We also find that he is very wealthy and the reason he pretends to drink is that he would rather be shown as an alcoholic than have racism go around because he is white and married a black woman and had mixed children. He can’t help himself, that’s why he lives the way he does’ Scout and Jem soon come to understand that he chooses to be the way he is because it is the way he chooses to live, just like how Boo Radley chooses to stay inside the Radley house. In conclusion, I felt that Harper Lee very effectively conveyed the theme of appearance versus reality throughout the book as the minor characters like Boo Radley, Mrs Dubose and Dolphus Raymond appear to be evil, mean and scary but .

I think I'm beginning to understand why Boo Radley's stayed shut up in the house all this time...
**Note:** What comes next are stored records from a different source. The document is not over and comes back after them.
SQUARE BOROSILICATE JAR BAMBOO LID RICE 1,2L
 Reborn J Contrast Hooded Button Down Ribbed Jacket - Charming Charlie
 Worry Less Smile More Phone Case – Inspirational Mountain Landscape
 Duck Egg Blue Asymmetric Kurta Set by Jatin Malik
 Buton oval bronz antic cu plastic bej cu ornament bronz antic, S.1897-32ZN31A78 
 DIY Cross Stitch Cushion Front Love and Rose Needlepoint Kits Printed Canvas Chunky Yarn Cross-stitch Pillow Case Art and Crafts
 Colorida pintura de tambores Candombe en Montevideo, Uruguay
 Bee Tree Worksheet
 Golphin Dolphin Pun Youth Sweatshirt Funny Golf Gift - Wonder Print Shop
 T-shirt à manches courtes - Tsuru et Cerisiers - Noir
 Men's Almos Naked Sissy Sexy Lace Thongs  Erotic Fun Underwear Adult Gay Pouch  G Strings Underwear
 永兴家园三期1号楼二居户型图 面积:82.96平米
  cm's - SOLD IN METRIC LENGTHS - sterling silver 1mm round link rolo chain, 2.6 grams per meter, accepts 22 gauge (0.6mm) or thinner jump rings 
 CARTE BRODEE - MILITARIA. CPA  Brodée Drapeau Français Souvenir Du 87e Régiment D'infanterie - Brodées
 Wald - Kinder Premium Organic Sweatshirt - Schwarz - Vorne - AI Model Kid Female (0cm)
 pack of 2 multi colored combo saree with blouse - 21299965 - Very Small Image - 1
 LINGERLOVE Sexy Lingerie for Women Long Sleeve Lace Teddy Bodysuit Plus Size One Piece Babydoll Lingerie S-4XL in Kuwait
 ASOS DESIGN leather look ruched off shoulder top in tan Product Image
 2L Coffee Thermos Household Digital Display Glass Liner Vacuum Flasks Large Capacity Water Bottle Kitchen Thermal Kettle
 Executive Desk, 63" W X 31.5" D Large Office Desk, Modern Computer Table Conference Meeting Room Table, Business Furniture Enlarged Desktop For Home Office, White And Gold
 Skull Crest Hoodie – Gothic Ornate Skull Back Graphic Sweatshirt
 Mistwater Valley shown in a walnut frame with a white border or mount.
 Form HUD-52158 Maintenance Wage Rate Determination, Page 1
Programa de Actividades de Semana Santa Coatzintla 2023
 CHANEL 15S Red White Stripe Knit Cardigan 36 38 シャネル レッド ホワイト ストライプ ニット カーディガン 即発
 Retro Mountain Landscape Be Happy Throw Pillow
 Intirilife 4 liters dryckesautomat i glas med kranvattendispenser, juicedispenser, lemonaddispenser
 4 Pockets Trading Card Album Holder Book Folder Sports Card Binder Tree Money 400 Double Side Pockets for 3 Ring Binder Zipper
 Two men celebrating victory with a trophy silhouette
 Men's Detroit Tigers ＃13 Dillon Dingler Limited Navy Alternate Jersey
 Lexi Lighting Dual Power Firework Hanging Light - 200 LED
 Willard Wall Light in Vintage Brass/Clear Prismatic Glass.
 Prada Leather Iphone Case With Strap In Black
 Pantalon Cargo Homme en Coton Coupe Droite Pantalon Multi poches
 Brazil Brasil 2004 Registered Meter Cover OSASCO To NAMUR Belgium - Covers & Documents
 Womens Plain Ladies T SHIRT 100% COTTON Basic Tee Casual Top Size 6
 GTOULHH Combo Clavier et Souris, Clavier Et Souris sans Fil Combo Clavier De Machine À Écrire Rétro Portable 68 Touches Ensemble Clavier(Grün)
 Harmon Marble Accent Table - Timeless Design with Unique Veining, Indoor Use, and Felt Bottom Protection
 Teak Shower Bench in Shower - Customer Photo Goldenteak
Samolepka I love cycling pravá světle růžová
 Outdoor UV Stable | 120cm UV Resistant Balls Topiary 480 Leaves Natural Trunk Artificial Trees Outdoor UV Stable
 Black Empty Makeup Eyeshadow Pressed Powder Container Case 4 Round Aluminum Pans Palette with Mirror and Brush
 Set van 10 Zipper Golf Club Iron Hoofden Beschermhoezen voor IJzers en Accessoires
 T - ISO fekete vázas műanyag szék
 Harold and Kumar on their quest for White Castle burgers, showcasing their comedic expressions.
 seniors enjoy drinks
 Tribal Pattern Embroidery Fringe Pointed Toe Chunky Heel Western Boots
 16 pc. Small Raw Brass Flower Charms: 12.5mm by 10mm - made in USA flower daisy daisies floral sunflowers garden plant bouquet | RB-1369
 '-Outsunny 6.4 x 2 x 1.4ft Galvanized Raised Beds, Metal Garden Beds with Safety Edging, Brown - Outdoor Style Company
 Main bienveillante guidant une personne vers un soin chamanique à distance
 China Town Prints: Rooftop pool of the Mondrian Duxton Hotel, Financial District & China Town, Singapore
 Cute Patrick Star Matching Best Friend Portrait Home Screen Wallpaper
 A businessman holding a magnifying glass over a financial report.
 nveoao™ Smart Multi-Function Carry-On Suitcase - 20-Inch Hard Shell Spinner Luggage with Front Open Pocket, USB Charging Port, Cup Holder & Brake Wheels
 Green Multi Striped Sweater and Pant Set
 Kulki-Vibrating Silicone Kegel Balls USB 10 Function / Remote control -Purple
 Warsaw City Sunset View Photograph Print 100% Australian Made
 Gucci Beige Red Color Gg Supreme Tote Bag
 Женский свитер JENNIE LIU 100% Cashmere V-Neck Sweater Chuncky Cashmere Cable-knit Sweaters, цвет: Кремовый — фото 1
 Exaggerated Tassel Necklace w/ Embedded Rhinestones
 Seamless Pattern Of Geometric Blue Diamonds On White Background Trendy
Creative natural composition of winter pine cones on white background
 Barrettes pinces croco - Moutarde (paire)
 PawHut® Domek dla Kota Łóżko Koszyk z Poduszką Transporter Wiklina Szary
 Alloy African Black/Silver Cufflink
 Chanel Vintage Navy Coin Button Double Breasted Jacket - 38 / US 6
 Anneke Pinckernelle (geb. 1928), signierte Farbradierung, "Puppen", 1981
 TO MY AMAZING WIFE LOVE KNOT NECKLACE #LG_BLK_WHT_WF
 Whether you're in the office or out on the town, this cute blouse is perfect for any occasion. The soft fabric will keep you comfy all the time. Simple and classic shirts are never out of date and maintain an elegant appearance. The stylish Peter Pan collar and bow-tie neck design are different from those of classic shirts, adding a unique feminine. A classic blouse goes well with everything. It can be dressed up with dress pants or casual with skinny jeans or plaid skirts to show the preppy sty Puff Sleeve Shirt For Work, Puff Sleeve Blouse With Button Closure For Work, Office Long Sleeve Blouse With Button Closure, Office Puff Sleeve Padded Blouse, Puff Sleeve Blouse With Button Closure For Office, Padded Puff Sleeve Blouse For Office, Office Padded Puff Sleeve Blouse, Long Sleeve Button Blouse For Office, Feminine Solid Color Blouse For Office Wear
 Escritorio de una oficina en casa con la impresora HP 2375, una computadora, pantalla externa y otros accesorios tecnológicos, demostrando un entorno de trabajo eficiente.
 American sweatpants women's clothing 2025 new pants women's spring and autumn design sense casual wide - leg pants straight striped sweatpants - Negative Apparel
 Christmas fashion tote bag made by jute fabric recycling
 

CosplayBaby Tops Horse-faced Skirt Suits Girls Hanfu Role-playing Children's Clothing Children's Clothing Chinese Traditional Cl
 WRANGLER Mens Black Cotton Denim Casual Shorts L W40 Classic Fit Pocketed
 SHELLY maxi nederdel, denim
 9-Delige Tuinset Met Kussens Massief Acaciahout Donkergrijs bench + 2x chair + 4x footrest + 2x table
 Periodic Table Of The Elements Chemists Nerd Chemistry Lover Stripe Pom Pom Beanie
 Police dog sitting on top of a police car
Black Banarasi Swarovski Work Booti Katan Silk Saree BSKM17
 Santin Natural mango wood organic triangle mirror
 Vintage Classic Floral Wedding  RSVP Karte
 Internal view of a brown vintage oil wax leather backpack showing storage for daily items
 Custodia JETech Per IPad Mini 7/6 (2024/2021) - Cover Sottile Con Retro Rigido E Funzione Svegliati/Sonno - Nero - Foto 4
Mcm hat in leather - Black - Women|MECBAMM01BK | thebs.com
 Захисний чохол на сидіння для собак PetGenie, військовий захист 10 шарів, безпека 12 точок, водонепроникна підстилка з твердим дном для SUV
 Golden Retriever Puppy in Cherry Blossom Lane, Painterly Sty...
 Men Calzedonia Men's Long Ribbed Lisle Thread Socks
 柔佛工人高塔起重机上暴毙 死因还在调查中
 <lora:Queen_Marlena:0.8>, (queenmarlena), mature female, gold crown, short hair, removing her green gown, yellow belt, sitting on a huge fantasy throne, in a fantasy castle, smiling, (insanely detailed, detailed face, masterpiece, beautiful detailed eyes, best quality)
it's because he wants to stay inside." I believe Jem comes to realize this as he has now first handedly seen how judgmental, prejudice and irrational the society they are living in is.

The first important character who is not all he seems is the mysterious Boo Radley, the "monster" who lives down the street.

We are introduced to the character of Boo at the very start of the novel, "It began the summer when Dill came to us, when Dill first gave us the idea of making Boo Radley come out".For the life of me I could not figure out how she could bring herself to speak to him when she seemed to hate him so’ Eventually Jem no longer has to read to her and Mrs Dubose passes away.It is only when she has died that Atticus tells Jem the story of Mrs Dubose.We as readers also feel this fear of Boo Radley; we see the dark settings and atmosphere that surround Boo, like the run down Radley house which Jem, Scout and Dill sneak towards under the cover of darkness, and we perceive him the same way as the rest of the characters in the book do, because as we have not yet exposed Boo in the book, we only see him as the characters describe him.Jem and Scout fear the tale of Boo Radley’s antics, how he got up to mischief as a young boy and was there by imprisoned in the house and he was "not seen again for fifteen years." They too have never seen Boo Radley but they still long to have some connection with him.Harper Lee’s To Kill a Mockingbird has a wide variety of themes and messages.She introduces themes like loneliness, prejudice and shows a lot of character development.Every time they pass her house she hurls criticisms and insults at them: ‘Mrs Dubose was plain hell’ She pushes Jem to his limits and causes him to destroy her most treasured possessions, her camellias. As Jem reads to her she still continues to throw criticism his way, but we seem to see her develop from being constantly verbally abusive to beginning to do it less, ‘For a moment I felt sorry for her.She was lying under a pile of quilts and looked almost friendly.’ Mrs Dubose’s attitude seems to change after a while which makes us think that she is different from just a mean and grumpy old lady ‘Mrs Dubose smiled at him.After the trial we see how Boo saves both Jem and Scout from Bob Ewell, ultimately revealing himself for the first time.In the end Scout is thinking about the world from Boo’s perspective.